Il pasticcio? La proposta di legge scaturita da tanto laboriose trattative risulta essere una misera riedizione, di poco riveduta e corretta, del ben noto porcellum. Attendiamoci, dunque, un nuovo intervento della Corte Costituzionale, magari fra due o tre anni, che denunci una volta ancora la prepotente insipienza di una classe politica la quale sembra ancor più invecchiare col ridursi dell’età anagrafica, ulteriore paradosso tutto italiano.

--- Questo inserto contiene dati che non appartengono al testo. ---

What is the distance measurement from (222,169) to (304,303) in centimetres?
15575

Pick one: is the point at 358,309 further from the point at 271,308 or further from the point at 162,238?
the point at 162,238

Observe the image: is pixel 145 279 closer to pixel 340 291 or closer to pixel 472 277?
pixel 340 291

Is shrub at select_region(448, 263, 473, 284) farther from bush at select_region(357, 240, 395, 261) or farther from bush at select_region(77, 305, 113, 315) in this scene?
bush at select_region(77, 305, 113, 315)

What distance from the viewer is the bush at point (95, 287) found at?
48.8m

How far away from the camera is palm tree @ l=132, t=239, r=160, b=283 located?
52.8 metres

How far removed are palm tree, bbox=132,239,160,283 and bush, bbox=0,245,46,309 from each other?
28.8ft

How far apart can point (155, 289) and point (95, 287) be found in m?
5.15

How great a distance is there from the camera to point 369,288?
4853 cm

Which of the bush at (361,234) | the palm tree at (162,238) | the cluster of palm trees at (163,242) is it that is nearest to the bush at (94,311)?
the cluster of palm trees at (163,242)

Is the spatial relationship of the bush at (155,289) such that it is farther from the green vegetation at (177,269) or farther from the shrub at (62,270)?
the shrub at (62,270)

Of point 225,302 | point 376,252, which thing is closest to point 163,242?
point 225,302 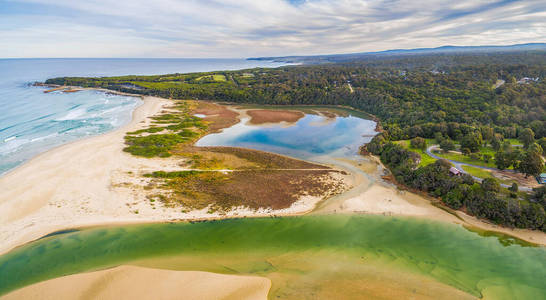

Sì. Perché coloro i quali da tempo erano impegnati a sollecitare, compreso chi scrive, l’esigenza di un radicale rinnovamento della classe politica, si trovano oggi ad assistere a un fenomeno sconcertante: i giovani che vediamo sedere in Parlamento dimostrano di essere non solo più vecchi dei vecchi nei comportamenti, ma addirittura tanto evanescenti di contenuti da lasciare allibiti.

Portare ad esempio le teste vuote dei parlamentari del M5S è scontato. Qualcuno potrebbe dir loro che sono solo la brutta copia sbiadita e corrosa di quel magistrale modello d’inconcludente ipocrisia interpretato da Pannella per decenni? Per giunta, mai nella vita del Parlamento della Repubblica si era sentito pronunciare il termine “Boia” riferito alla più alta carica dello Stato, neppure dai duri e puri del Movimento Sociale.

Ci volevano i grillini per riesumarlo. La cosa non stupisce chi scrive. Infatti, sin dai primi passi del movimento grillino colse in esso i semi del qualunquismo fascistoide. I semi iniziano a germogliare.

Se l’essenza dei grillini è oramai appurata “al di là di ogni ragionevole dubbio”, a sconcertare sono le apparizioni televisive dei giovani volti nuovi della segreteria PD. Ma dai! Possibile che questi ragazzi e ragazze non sappiano far di meglio, quando intervistati, se non ripetere a memoria il “profondo pensiero” del loro leader maximo Renzi? Poveri loro, viene da considerare, così teneri d’età e già così “corrotti” da un’idea bacata della politica, interpretata quale mero servilismo nei confronti del capo, al pari dei loro coetanei grillini?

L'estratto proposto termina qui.